:: Work item ::
An exact copy of every entry is the answer here, with no pictures.

:: Task data ::
----

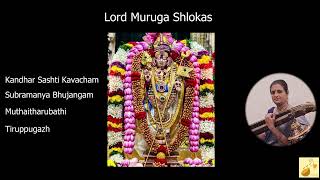 Lord Muruga Songs and Shlokas  Mala Viswanathan  Saraswathi Veena [upl. by Hadden]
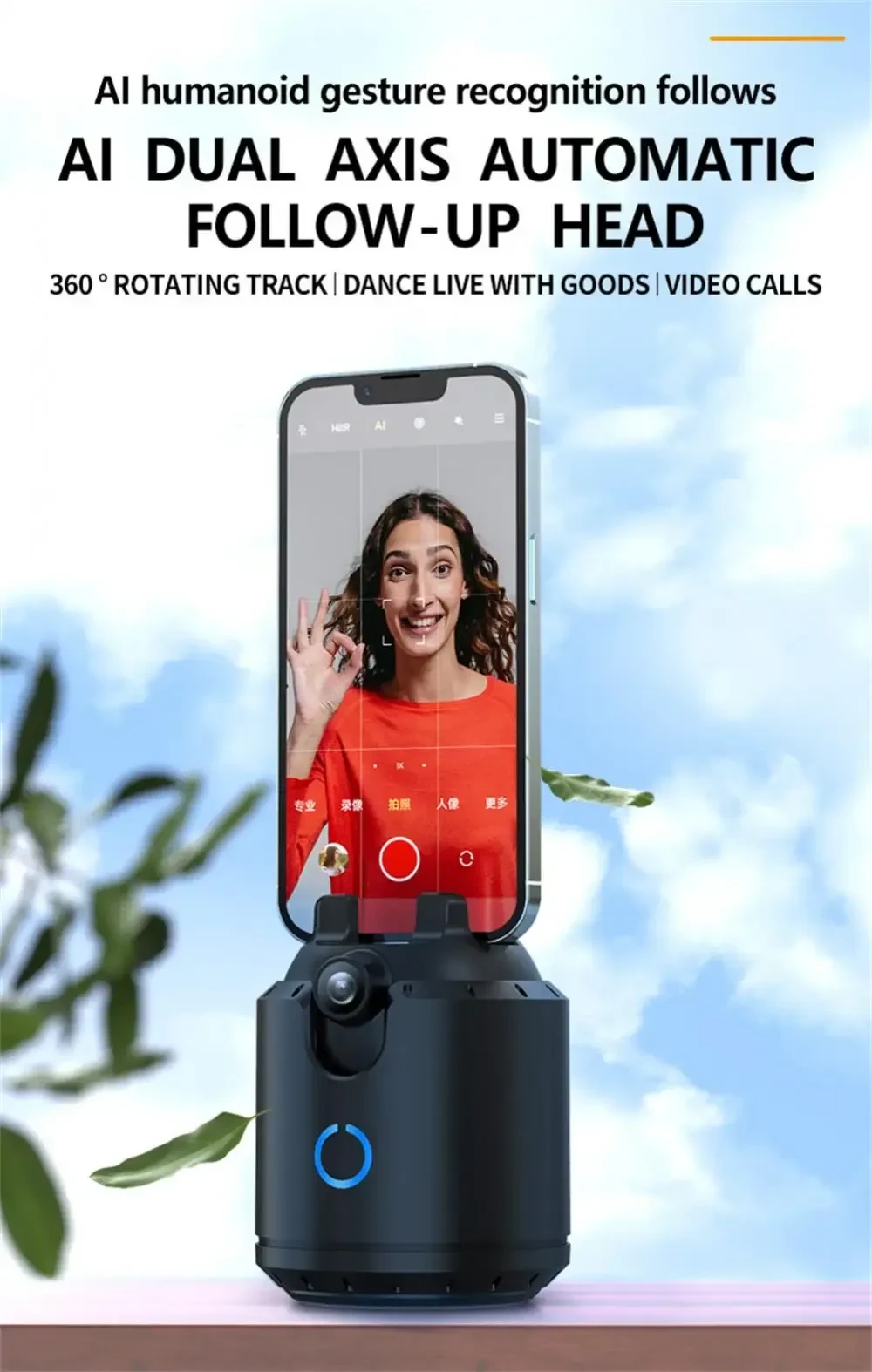 Intelligent Dual Axis Camera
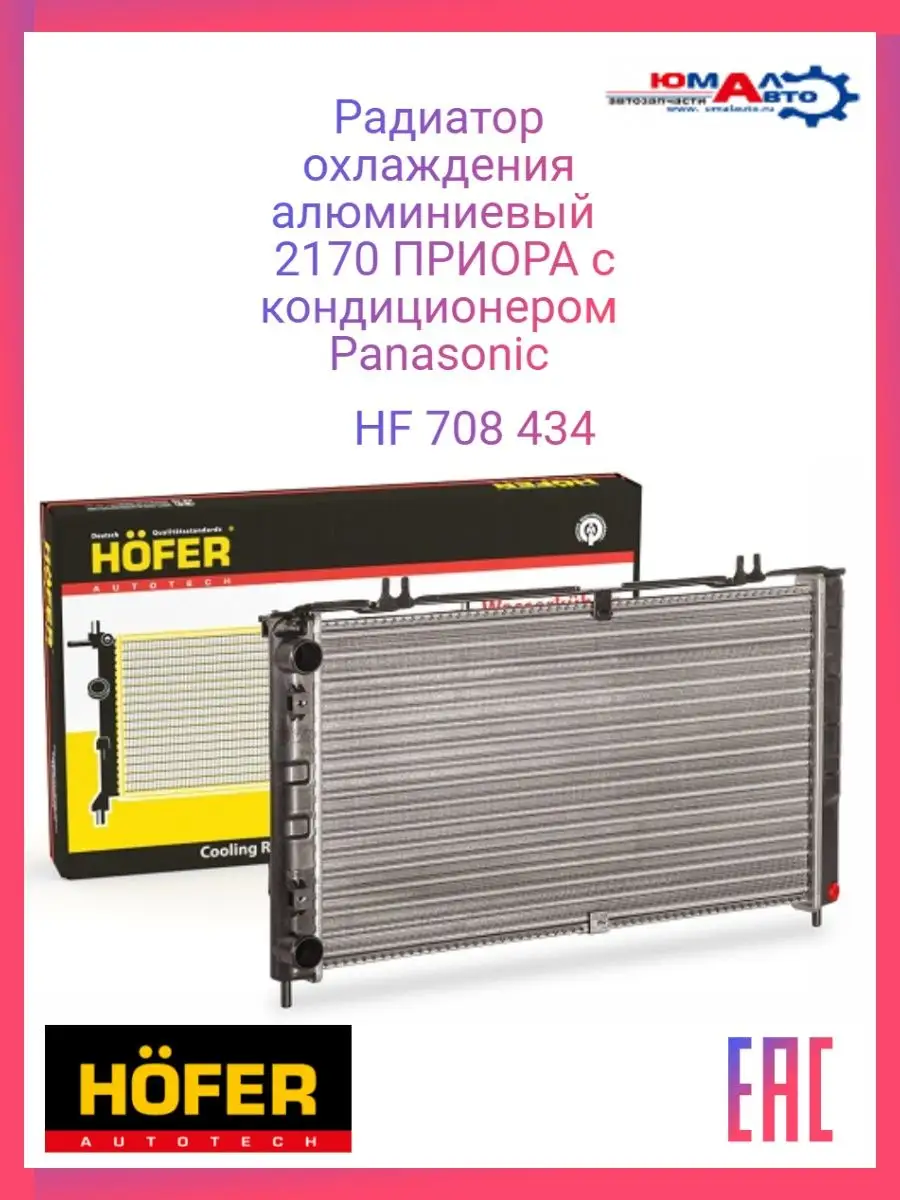 Радиатор охлаждения 2170 приора с кондиционером Panasonic Hofer 141106092  купить за 4 004 ₽ в интернет-магазине Wildberries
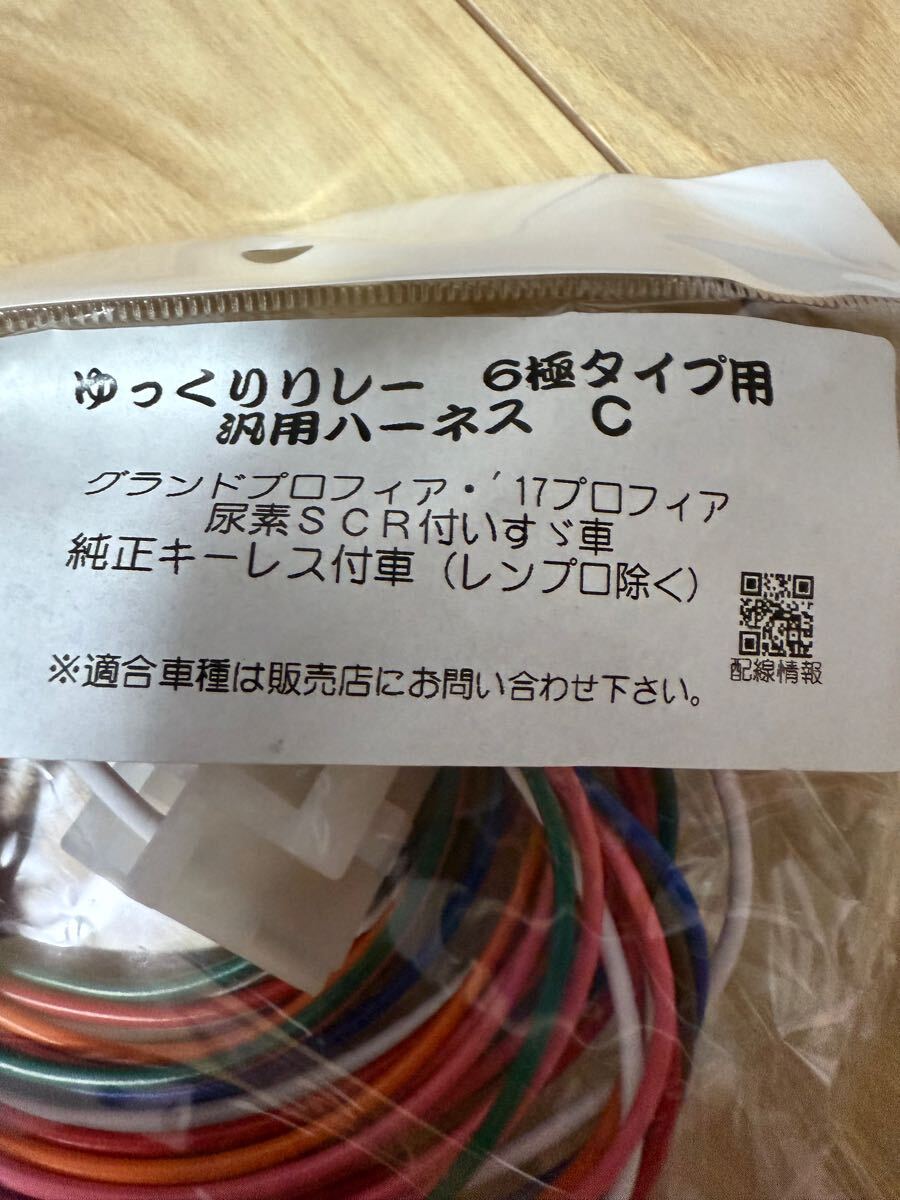 Yahoo!オークション - ゆっくりウインカーリレー2 日野 Yahoo!オークション - ゆっくりウインカーリレー2 日野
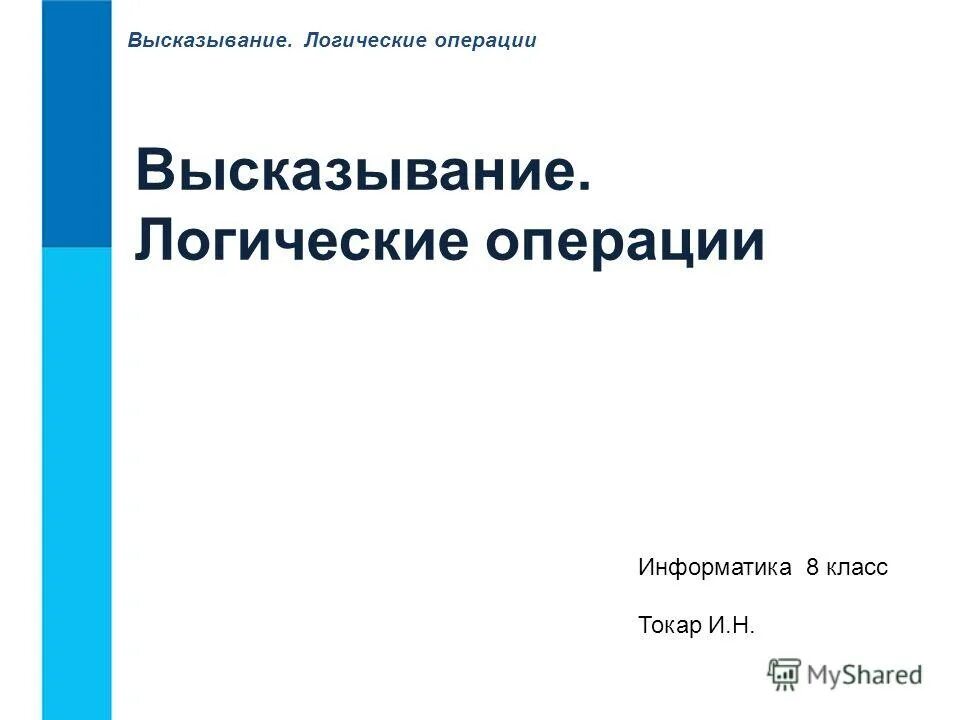 Логические функции в информатике 8 класс. Логические операции конъюнкция дизъюнкция. Способы записи алгоритмов в информатике 8 класс. Логическое умножение таблица истинности. Yrwbz.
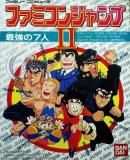 Carátula de Famicom Jump II: Saikyou no 7-nin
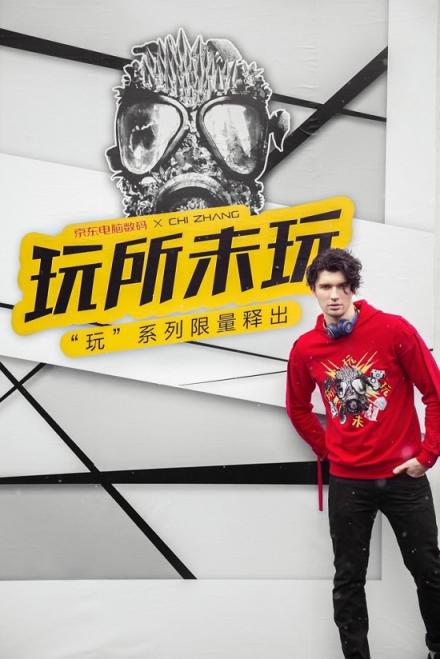情人節(jié)最大驚喜來(lái)自京東電腦數(shù)碼？“玩”系列跨界潮服亮相北京三里屯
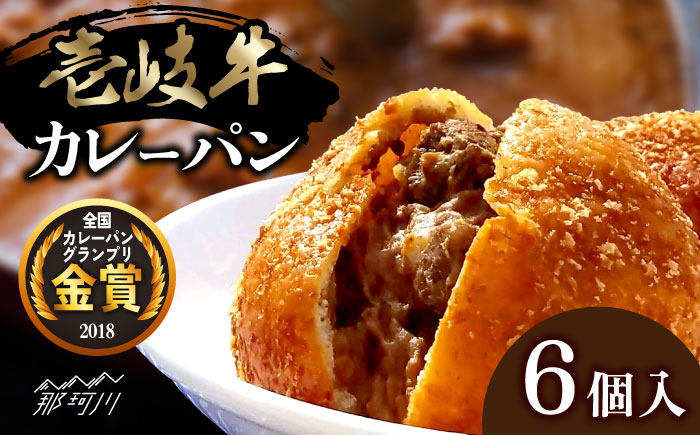 壱岐牛 カレーパン（6個）＜パンプラス＞那珂川市 パン ぱん [GCQ005]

----

:: Problem solution ::
 Lord Muruga Songs and Shlokas  Mala Viswanathan  Saraswathi Veena [upl. by Hadden]
 Intelligent Dual Axis Camera
 Радиатор охлаждения 2170 приора с кондиционером Panasonic Hofer 141106092  купить за 4 004 ₽ в интернет-магазине Wildberries
 Yahoo!オークション - ゆっくりウインカーリレー2 日野 Yahoo!オークション - ゆっくりウインカーリレー2 日野
 Логические функции в информатике 8 класс. Логические операции конъюнкция дизъюнкция. Способы записи алгоритмов в информатике 8 класс. Логическое умножение таблица истинности. Yrwbz.
 Carátula de Famicom Jump II: Saikyou no 7-nin
情人節(jié)最大驚喜來(lái)自京東電腦數(shù)碼？“玩”系列跨界潮服亮相北京三里屯
 壱岐牛 カレーパン（6個）＜パンプラス＞那珂川市 パン ぱん [GCQ005]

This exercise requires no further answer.